I know, I know, it sounds hokey as all hell. I can anticipate the sniggers and arch-ironic dismissal of yet another corny "doctor as healer" story. I get that. And it's fine. I usually get annoyed with that kind of a schmaltz-fest. But this was real. It was one random Sunday morning in the nascent Ohio spring. The old couple eventually left the hospital together. I may see them again at the two week follow up appointment, but I rather hope they skip it, off doing something unstructured and fun, something that doesn't require any more patience....

8 comments:

Anonymous said...

Bla Bla Bla... the Happy Hospitalist would have told us how to Code it for the maximum reimbursement value... I hope you ran it by the Hospital's Medical Ethics Weenies...Hopefully he won't have one of those Post Operative PEs that aren't supposed to happen anymore...

Anonymous said...

Frank's really turning into a douche.

Great story, doc.

DrWes said...

When we miss moments like these, we miss what being a doctor is all about. Few will ever understand this.

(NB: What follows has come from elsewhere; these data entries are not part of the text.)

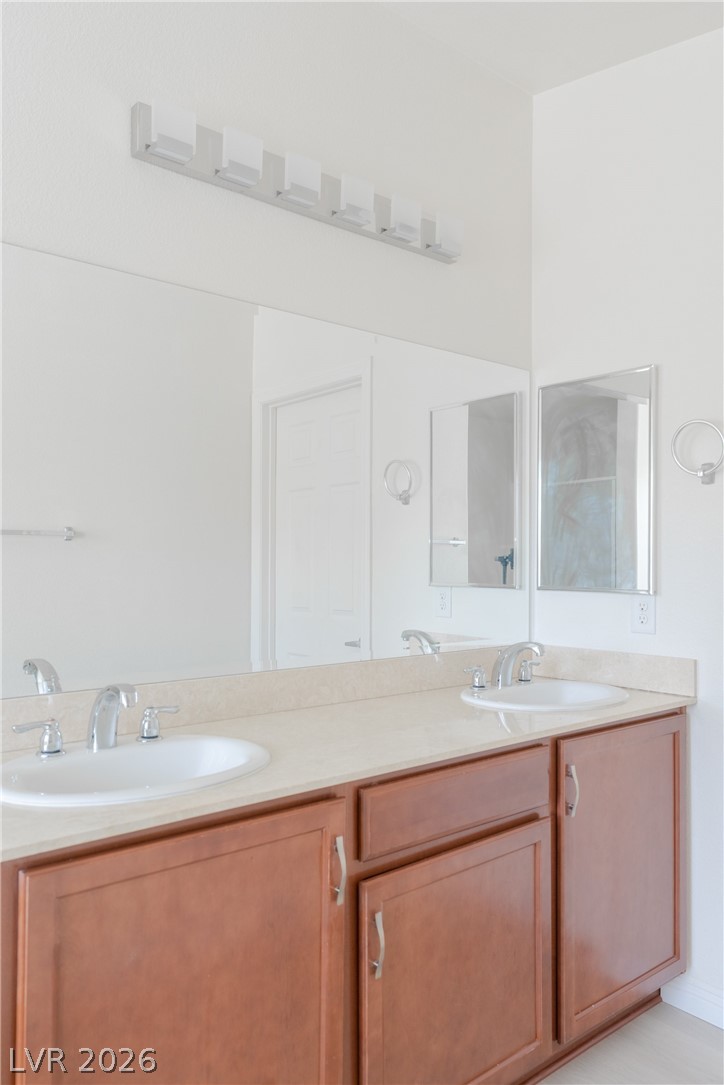8079 Buffalo Ranch Avenue Las Vegas, NV 89147 - Photo 19 of 29 Clean lines and a spacious dual vanity define this bright bathroom space.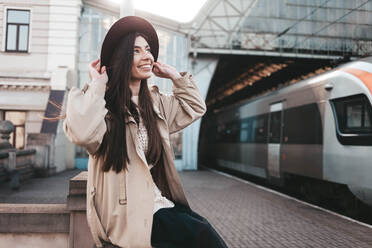 Lächelndes Mädchen mit Hut am Bahnhof, das auf die Abfahrt des Zuges wartet - CAVF83333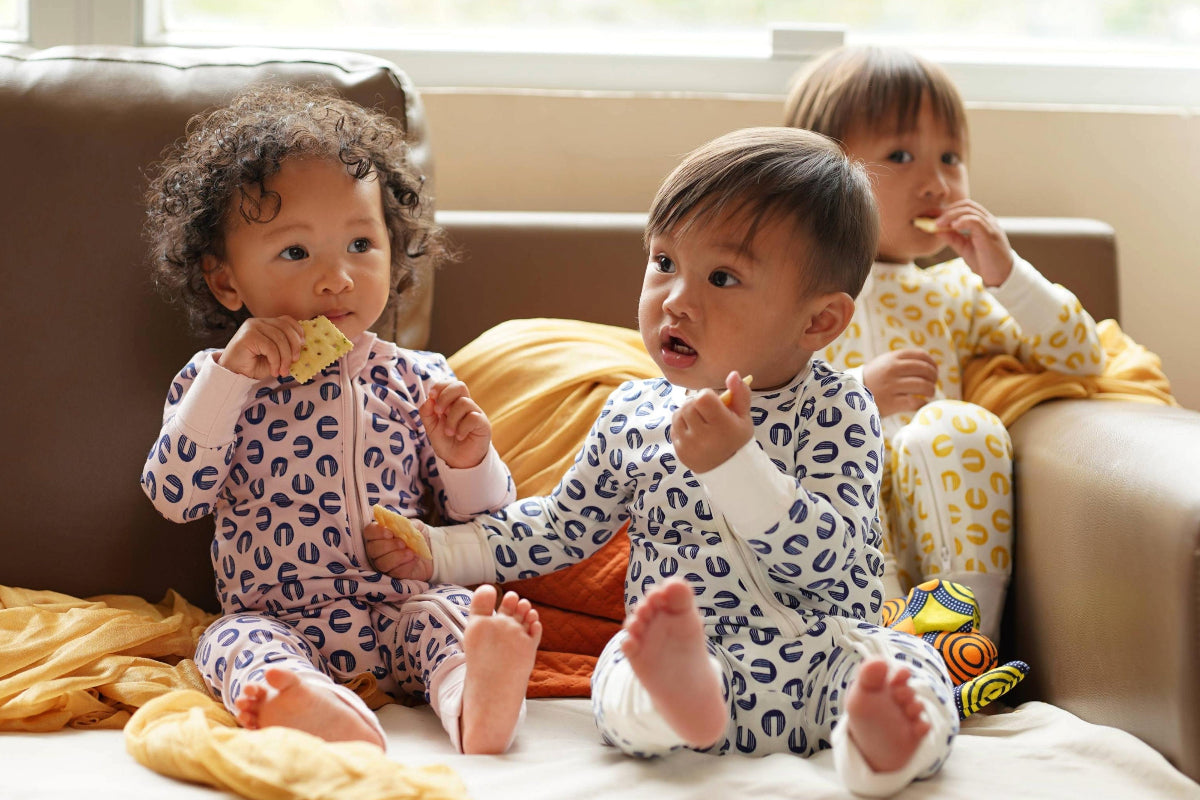 Three babies sitting on a brown leather couch wearing matching PATTERN-print one-piece ORGANIC ONESIES, ROMPER,pajamas. The pajamas feature a pattern of dark blue, purple, and yellow spots on white bases.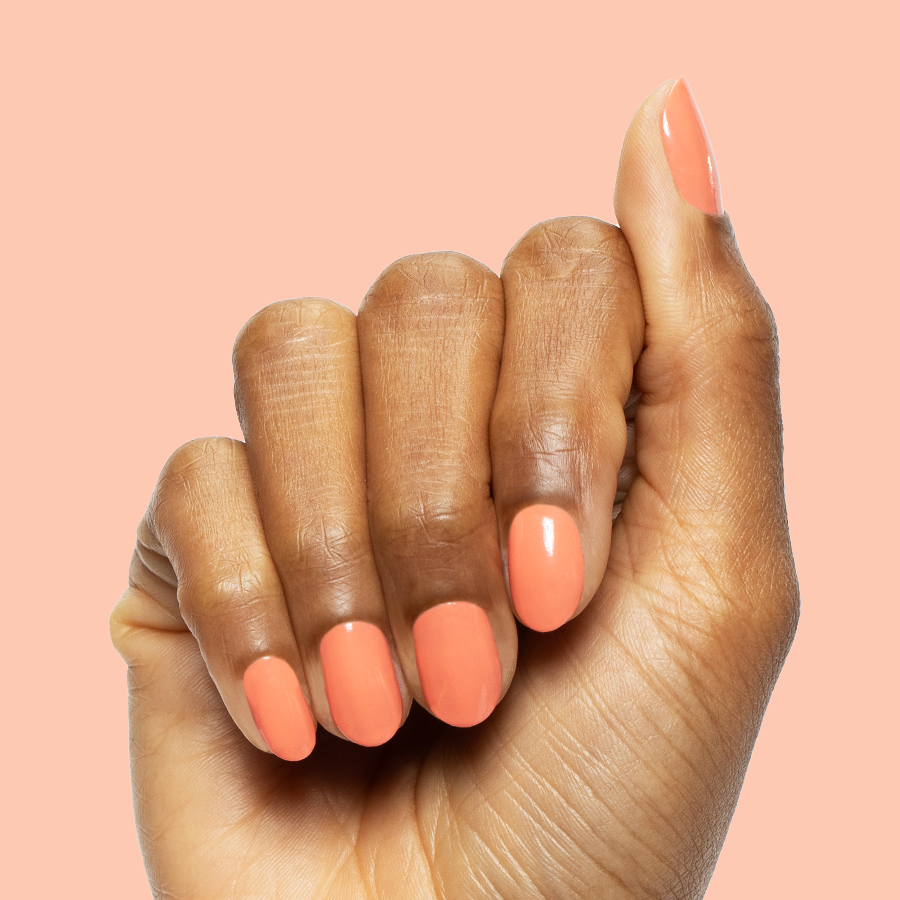 Hand with medium nails painted in bright coral Ride into the Sunset gel polish against a soft peach background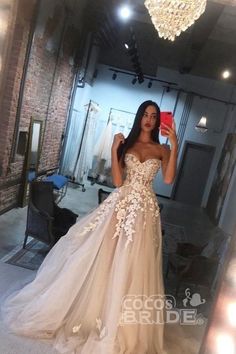 a woman taking a selfie in a wedding dress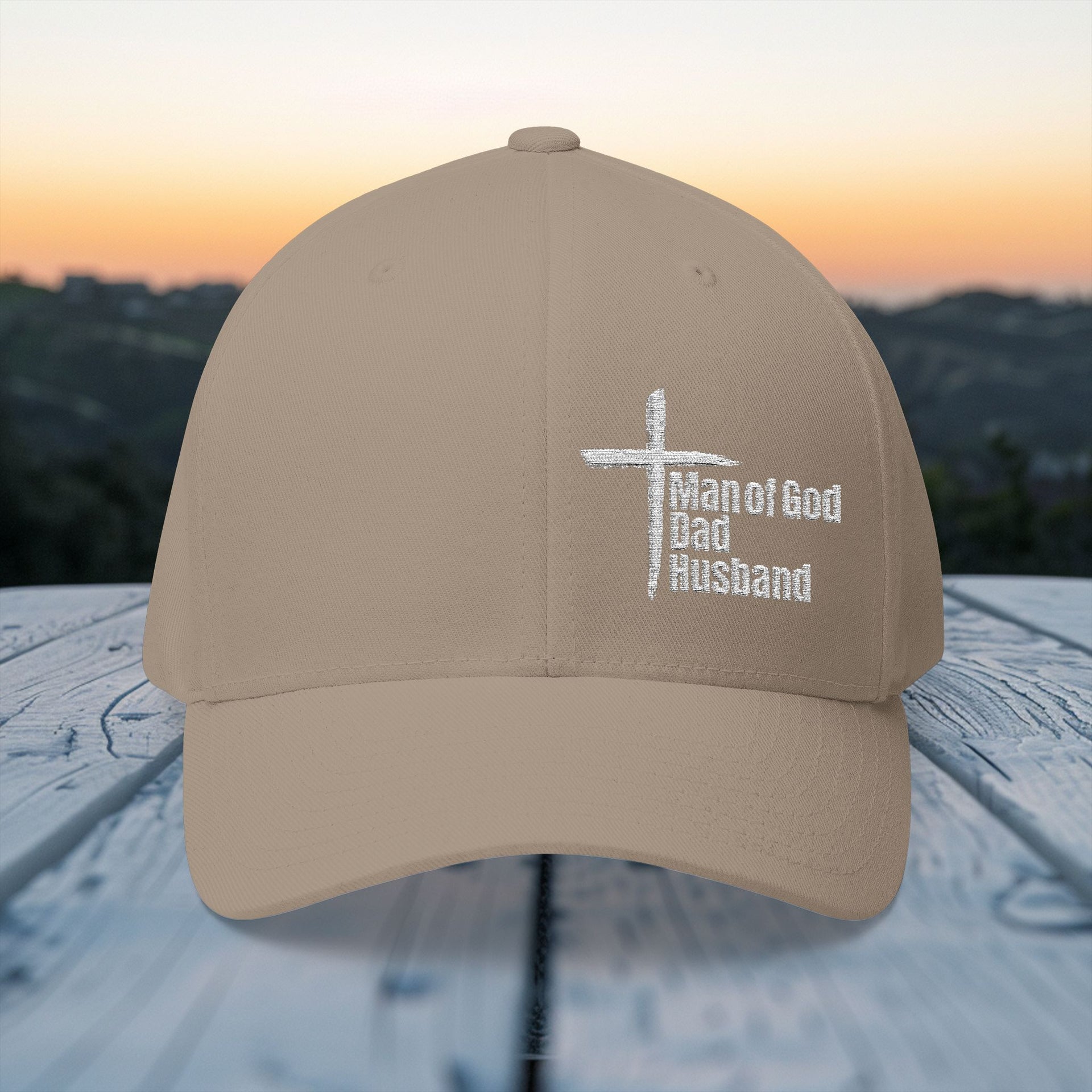 Man of God Dad Husband Embroidered Flexfit Hat displayed outdoors at sunset.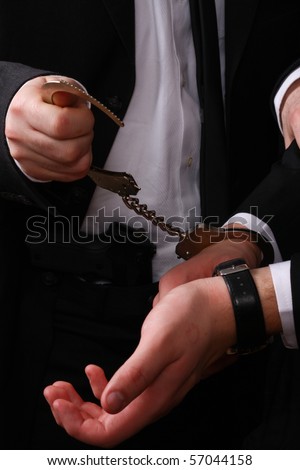 business man being arrested, only the hands of the police detective and business man are visible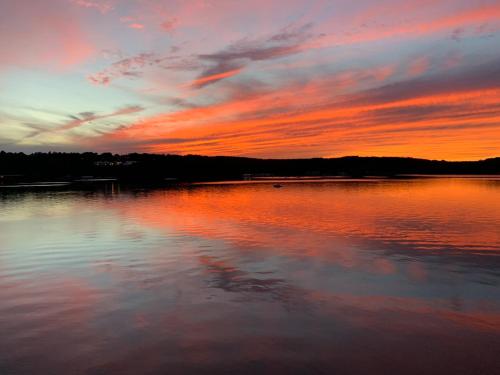 a sunset over a large body of water at Spectacular home with a amazing ocean - river view in Groton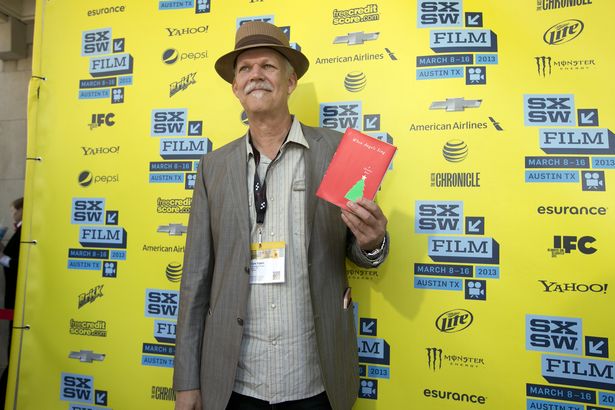 Turk Pipkin with his novel When Angels Sing at the SXSW World Premiere of Angels Sing.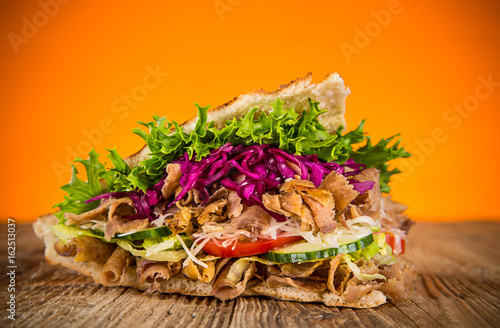 Close up of kebab sandwich on old wooden table.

Glad you took the time to notice, and now by writing about it, you'll remember.

rlbates said...

These are the people and moments that make the practice of medicine enjoyable. Take care.

OHN said...

A GOOD physician realizes that patients and their families are not just patients.

tracy said...

Thank you for a lovely story, Dr. Buckeye.

Anonymous said...

I live for moments like those...glad you didn't miss it.

Gary M. Levin said...

Well said and well read. I could 'feel the moment' with you. I hope they miss the appointment as well, to be able to cherish their few remaining years together. Their future is also ours.